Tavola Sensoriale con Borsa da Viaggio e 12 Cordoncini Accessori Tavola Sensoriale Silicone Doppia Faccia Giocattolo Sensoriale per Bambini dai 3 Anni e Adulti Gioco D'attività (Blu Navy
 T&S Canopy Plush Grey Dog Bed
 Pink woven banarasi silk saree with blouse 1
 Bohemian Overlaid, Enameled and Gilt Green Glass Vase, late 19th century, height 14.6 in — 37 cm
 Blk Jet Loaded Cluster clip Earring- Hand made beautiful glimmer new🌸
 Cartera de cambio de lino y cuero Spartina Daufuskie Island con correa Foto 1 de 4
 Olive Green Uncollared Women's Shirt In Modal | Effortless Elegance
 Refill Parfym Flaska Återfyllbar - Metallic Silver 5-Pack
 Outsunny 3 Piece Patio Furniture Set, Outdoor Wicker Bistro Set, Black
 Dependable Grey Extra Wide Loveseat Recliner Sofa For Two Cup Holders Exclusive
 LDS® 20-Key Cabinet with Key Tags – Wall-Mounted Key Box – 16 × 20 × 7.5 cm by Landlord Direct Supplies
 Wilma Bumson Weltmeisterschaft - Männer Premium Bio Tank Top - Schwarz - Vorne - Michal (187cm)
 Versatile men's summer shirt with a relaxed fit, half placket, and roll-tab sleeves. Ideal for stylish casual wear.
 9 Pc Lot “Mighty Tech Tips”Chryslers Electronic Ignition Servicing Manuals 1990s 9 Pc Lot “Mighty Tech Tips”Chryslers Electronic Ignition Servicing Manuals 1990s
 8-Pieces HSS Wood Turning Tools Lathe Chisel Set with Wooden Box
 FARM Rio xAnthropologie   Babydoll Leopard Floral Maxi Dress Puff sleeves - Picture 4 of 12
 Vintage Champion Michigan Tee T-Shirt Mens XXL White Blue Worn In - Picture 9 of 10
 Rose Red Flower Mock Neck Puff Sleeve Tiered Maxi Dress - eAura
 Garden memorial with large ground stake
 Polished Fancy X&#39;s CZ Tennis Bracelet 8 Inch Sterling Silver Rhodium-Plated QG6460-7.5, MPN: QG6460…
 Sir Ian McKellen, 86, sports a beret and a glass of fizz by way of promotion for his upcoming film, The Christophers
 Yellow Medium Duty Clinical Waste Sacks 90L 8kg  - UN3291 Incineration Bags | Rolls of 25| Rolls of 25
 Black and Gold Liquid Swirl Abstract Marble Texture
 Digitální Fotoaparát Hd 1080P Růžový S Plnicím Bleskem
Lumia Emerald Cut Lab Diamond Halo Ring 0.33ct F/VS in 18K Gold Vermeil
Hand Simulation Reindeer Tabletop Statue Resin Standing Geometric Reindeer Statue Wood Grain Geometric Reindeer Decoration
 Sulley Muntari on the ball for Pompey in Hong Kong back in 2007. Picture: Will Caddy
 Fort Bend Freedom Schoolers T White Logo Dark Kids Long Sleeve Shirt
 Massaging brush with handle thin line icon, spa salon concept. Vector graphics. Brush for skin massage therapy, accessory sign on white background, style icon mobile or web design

===============

▶ _EXERCISE AIM_: Could you please copy the lines of the listing above exactly, from its first line through the line bearing "Olive Green Uncollared", and nothing more?

▶ _ANSWER FOR THE TASK_:
Tavola Sensoriale con Borsa da Viaggio e 12 Cordoncini Accessori Tavola Sensoriale Silicone Doppia Faccia Giocattolo Sensoriale per Bambini dai 3 Anni e Adulti Gioco D'attività (Blu Navy
 T&S Canopy Plush Grey Dog Bed
 Pink woven banarasi silk saree with blouse 1
 Bohemian Overlaid, Enameled and Gilt Green Glass Vase, late 19th century, height 14.6 in — 37 cm
 Blk Jet Loaded Cluster clip Earring- Hand made beautiful glimmer new🌸
 Cartera de cambio de lino y cuero Spartina Daufuskie Island con correa Foto 1 de 4
 Olive Green Uncollared Women's Shirt In Modal | Effortless Elegance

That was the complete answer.